### MATERIAL FOR THIS EXERCISE
══════

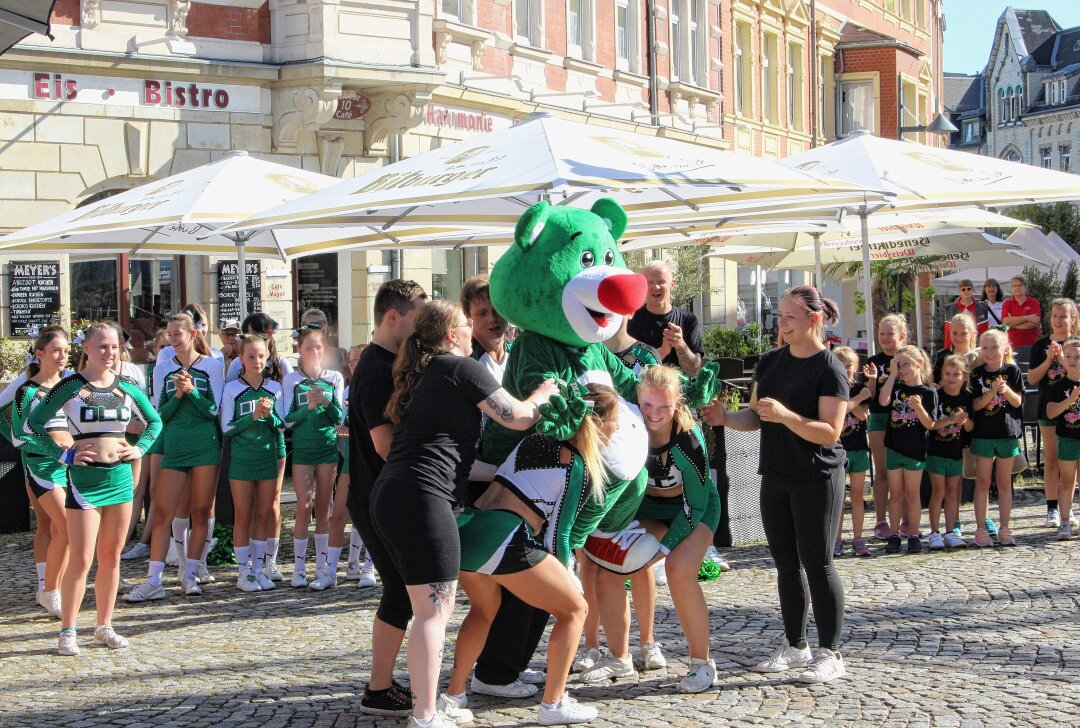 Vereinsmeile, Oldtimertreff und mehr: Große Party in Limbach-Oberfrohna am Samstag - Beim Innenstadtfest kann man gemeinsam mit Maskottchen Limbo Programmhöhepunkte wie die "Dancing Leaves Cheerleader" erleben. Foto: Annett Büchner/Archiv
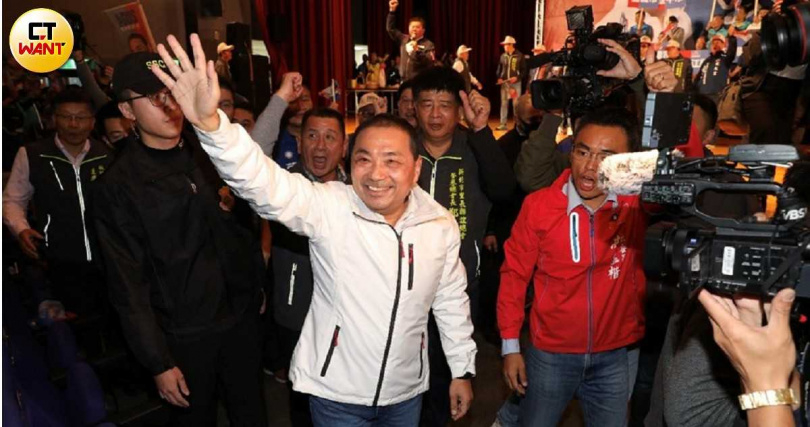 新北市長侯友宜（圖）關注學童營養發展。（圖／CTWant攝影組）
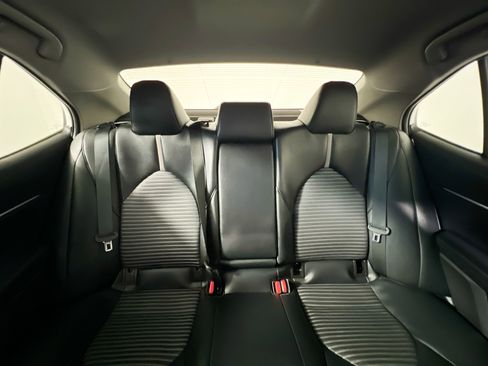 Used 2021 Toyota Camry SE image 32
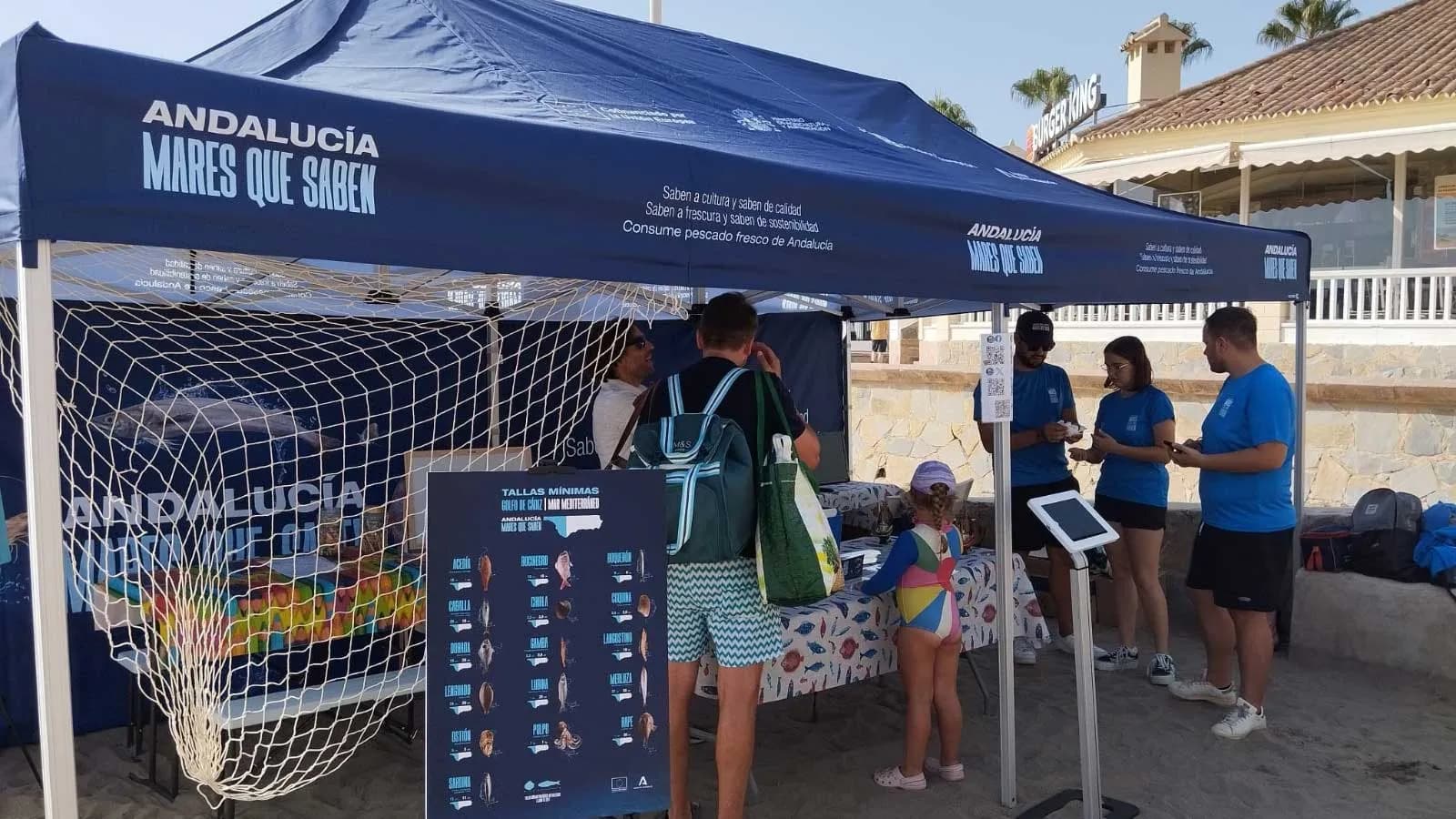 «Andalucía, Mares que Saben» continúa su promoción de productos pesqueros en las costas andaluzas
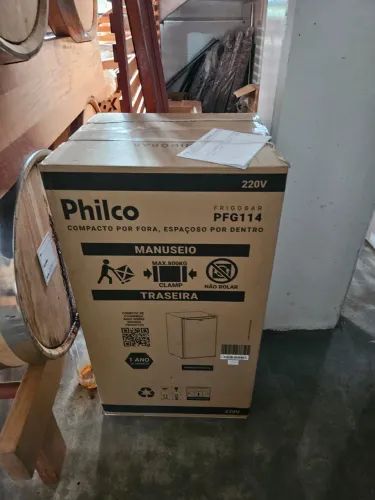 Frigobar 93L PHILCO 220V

══════

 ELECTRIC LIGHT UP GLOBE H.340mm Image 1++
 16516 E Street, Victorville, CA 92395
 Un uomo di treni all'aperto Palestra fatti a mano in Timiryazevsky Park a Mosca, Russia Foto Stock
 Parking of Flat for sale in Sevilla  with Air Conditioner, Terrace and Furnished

══════

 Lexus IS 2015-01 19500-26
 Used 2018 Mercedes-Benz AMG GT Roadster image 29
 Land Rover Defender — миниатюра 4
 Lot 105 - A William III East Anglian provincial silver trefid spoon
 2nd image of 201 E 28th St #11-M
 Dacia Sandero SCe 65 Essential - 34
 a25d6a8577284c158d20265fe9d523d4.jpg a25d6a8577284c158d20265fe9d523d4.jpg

══════

### TASK ITEM
Above are some records. Reproduce the lines from the one with "新北市長侯友宜（圖）關注學童營養發展。（圖／CTWant攝影組）" down to the one with "Frigobar 93L PHILCO 220V", keeping both, and leave every picture out.

### RESPONSE BOX
 新北市長侯友宜（圖）關注學童營養發展。（圖／CTWant攝影組）
 Used 2021 Toyota Camry SE image 32
 «Andalucía, Mares que Saben» continúa su promoción de productos pesqueros en las costas andaluzas
 Frigobar 93L PHILCO 220V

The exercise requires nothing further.